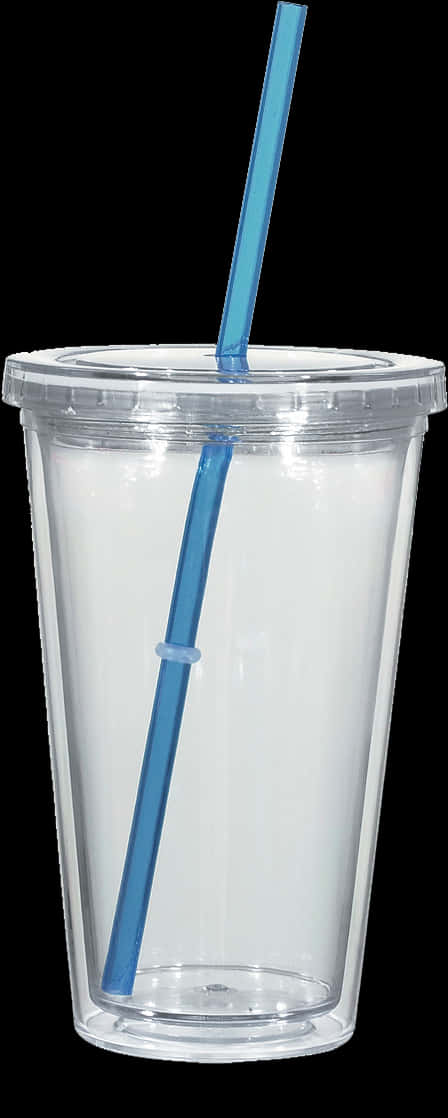 Clear Plastic Tumblerwith Blue Straw PNG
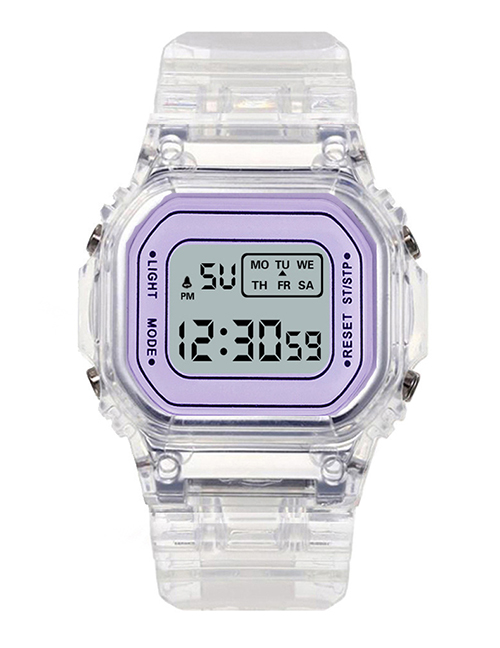 Fashion Purple Pu Geometric Square Dial Watch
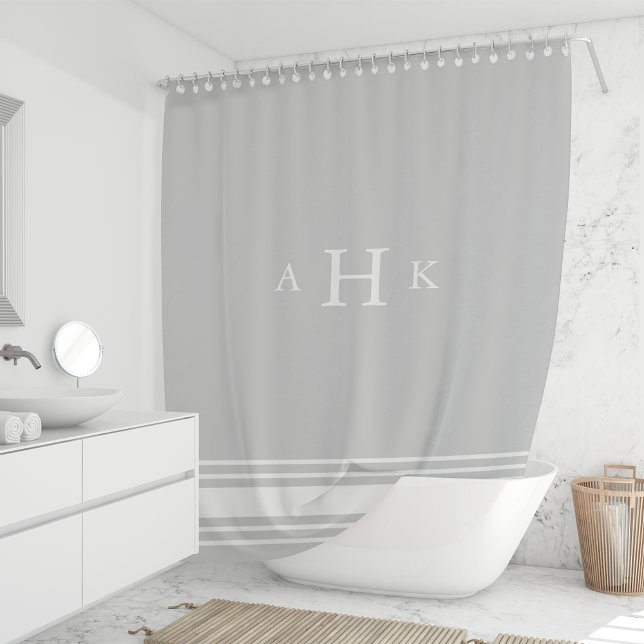 Grey and White Classic Stripe Border Monogram (Creator Uploaded)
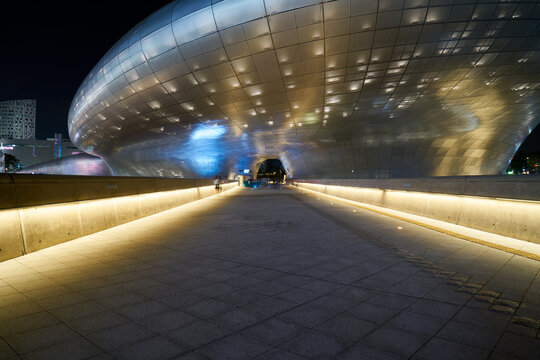 Dongdaemun-gu, Seoul, South Korea - September 2, 2017 : The Nightscape of Dongdaemun Design Plaza (DDP), a modern architecture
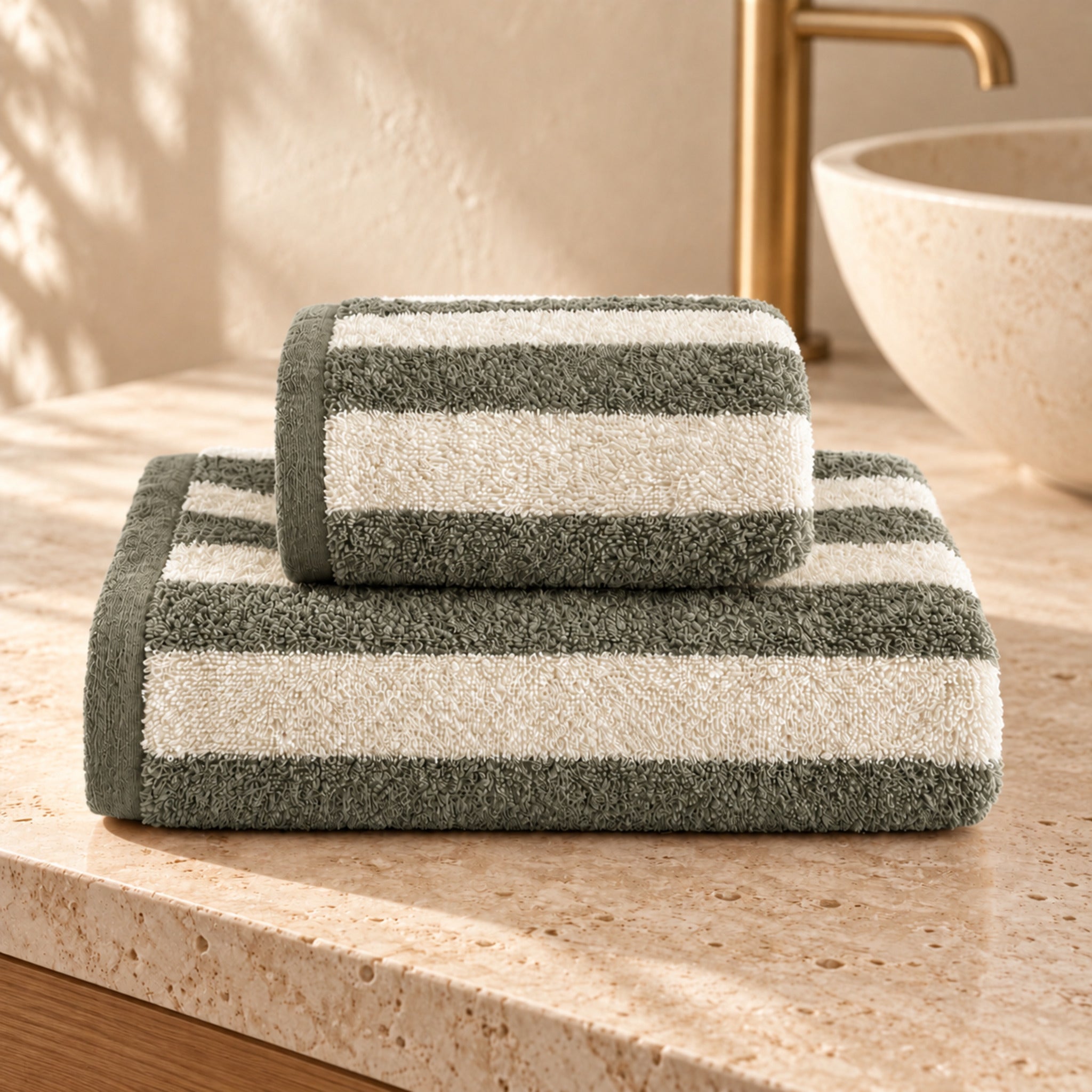 Set asciugamani Galizzi Savannah Salvia scuro piegati sul piano del bagno, con fasce verdi alternate a righe chiare.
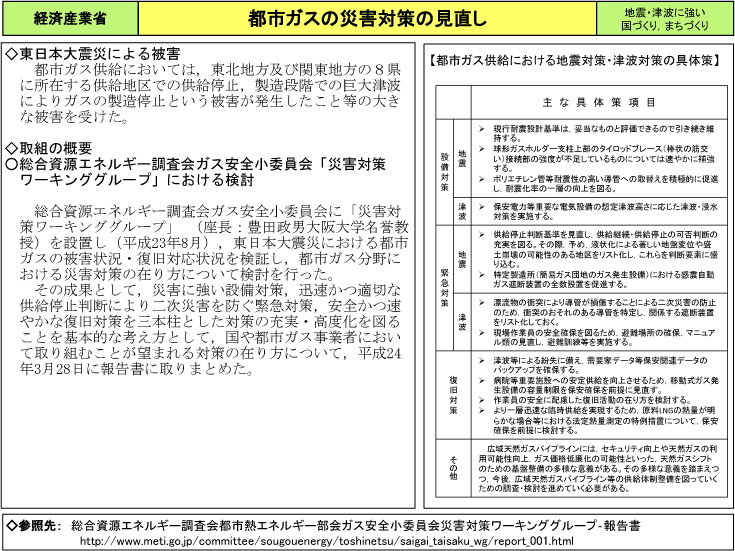 都市ガスの災害対策の見直し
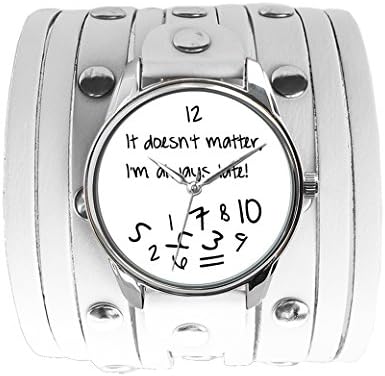 ZIZ Big White It Doesn't Matter, I'm Always Late Watch, Quartz Analog Watch with Leather Band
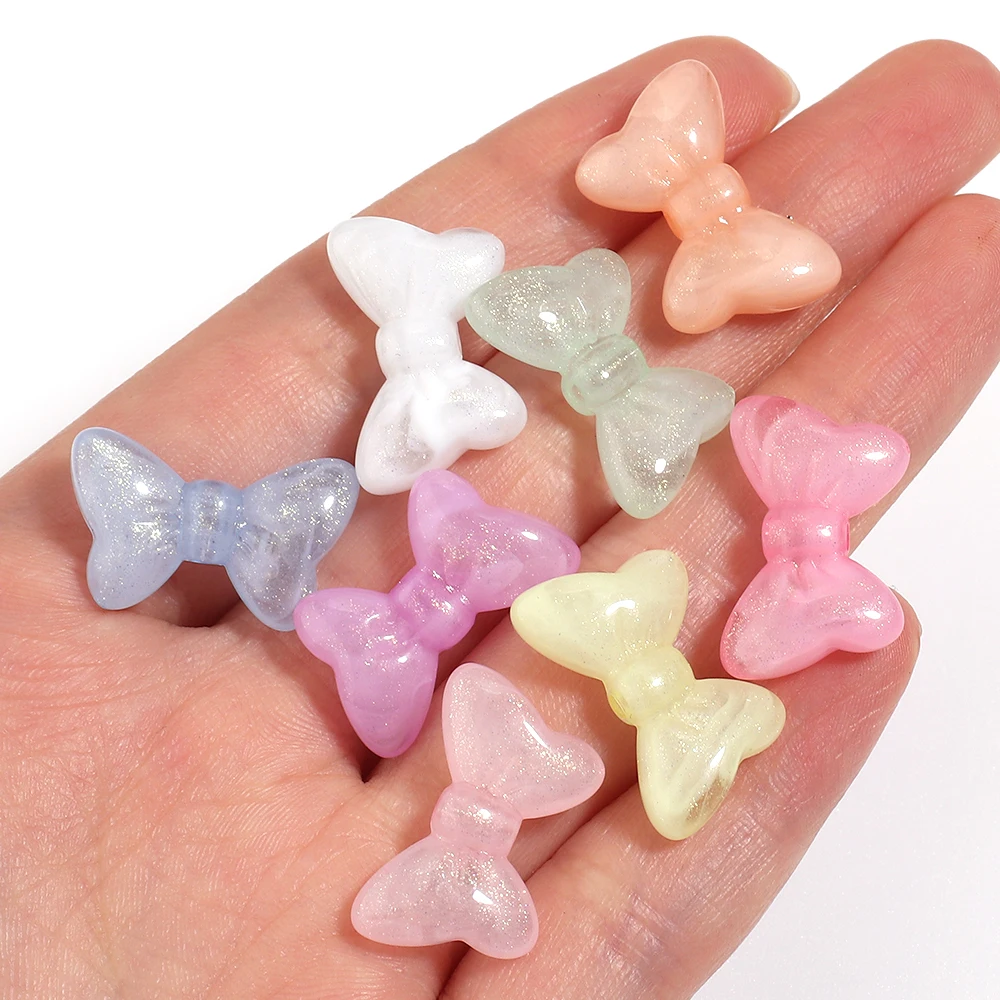 30pcs 13.5x22mm Colorful Bowknot Acrylic Beads Glitter Bow Loose Beads For Jewelry Making DIY Bracelets Keychain Accessories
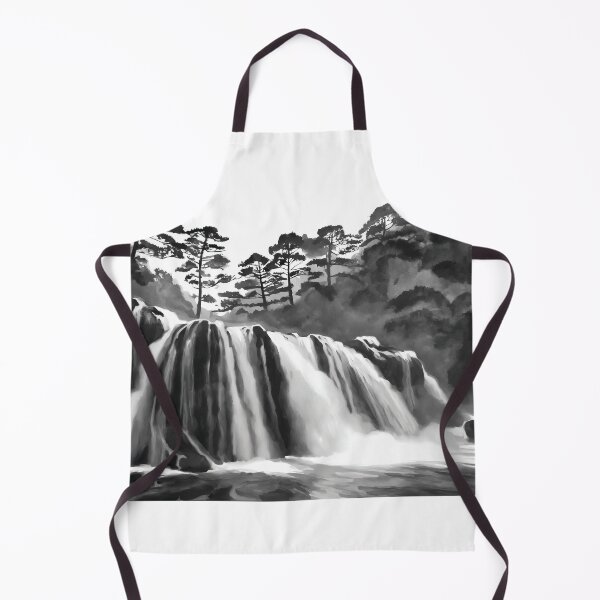 Aperçu de l'œuvre Sumi-E Waterfall Forest Mountains créée et vendue par Marithrax.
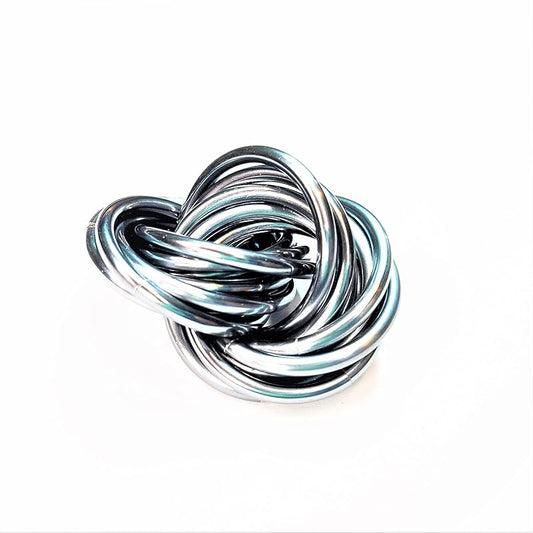 Möbii Fidget Ball (Solid Color): Quiet Mobius ADHD Anxiety Stim Stress Relief Toy Tool for Home Travel Office or Desk (Medium, Half, Mercury Silver)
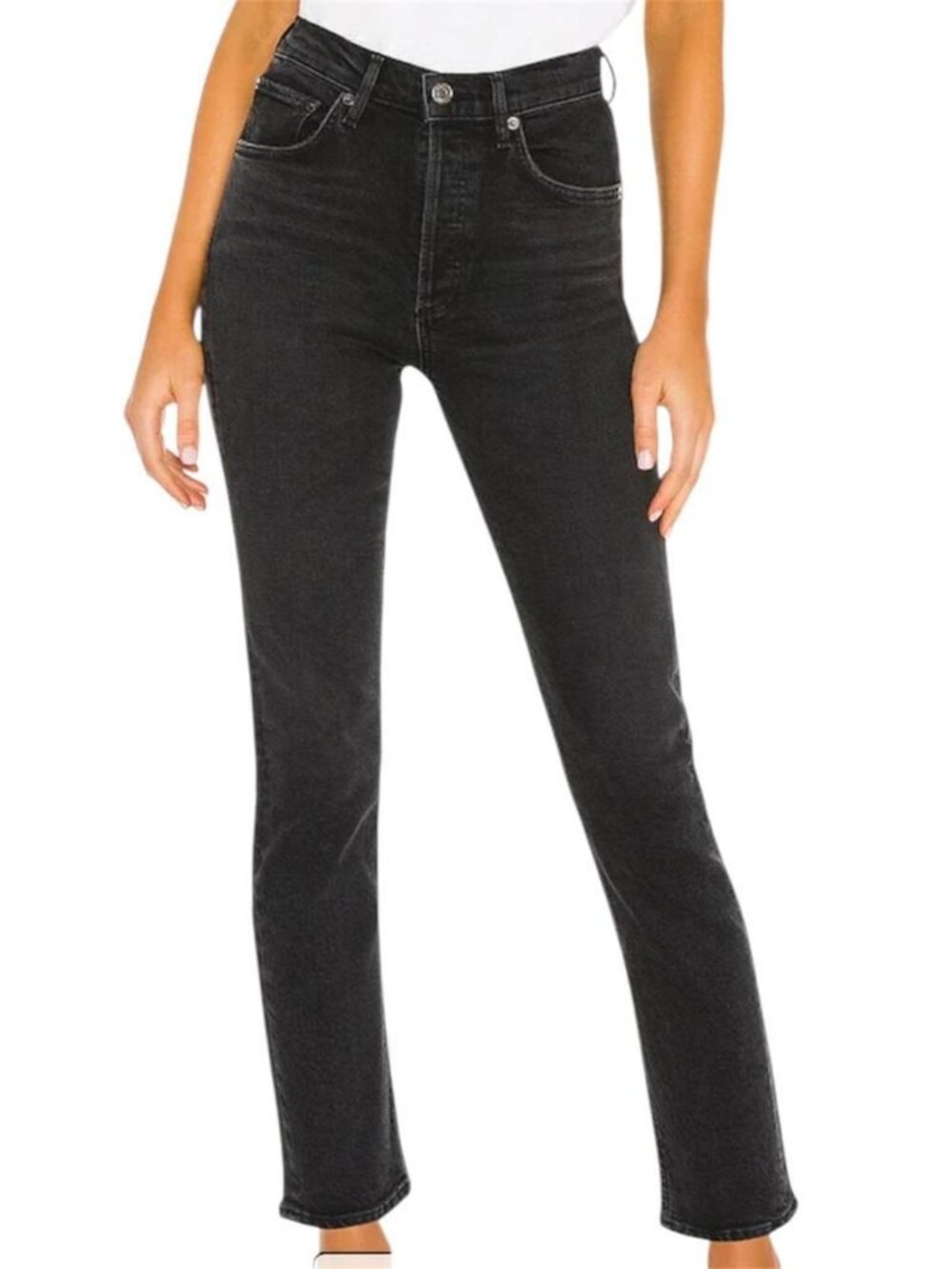 Agolde‎ Black Riley High Waisted Straight Leg Jeans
======
| EXERCISE DETAILS |
All the lines above are to be reproduced exactly, except the pictures.

| ANSWER SECTION |
 Clear Plastic Tumblerwith Blue Straw PNG
 Fashion Purple Pu Geometric Square Dial Watch
 Grey and White Classic Stripe Border Monogram (Creator Uploaded)
 Dongdaemun-gu, Seoul, South Korea - September 2, 2017 : The Nightscape of Dongdaemun Design Plaza (DDP), a modern architecture
 Set asciugamani Galizzi Savannah Salvia scuro piegati sul piano del bagno, con fasce verdi alternate a righe chiare.
 都市ガスの災害対策の見直し
 ZIZ Big White It Doesn't Matter, I'm Always Late Watch, Quartz Analog Watch with Leather Band
 30pcs 13.5x22mm Colorful Bowknot Acrylic Beads Glitter Bow Loose Beads For Jewelry Making DIY Bracelets Keychain Accessories
 Aperçu de l'œuvre Sumi-E Waterfall Forest Mountains créée et vendue par Marithrax.
 Möbii Fidget Ball (Solid Color): Quiet Mobius ADHD Anxiety Stim Stress Relief Toy Tool for Home Travel Office or Desk (Medium, Half, Mercury Silver)
 Agolde‎ Black Riley High Waisted Straight Leg Jeans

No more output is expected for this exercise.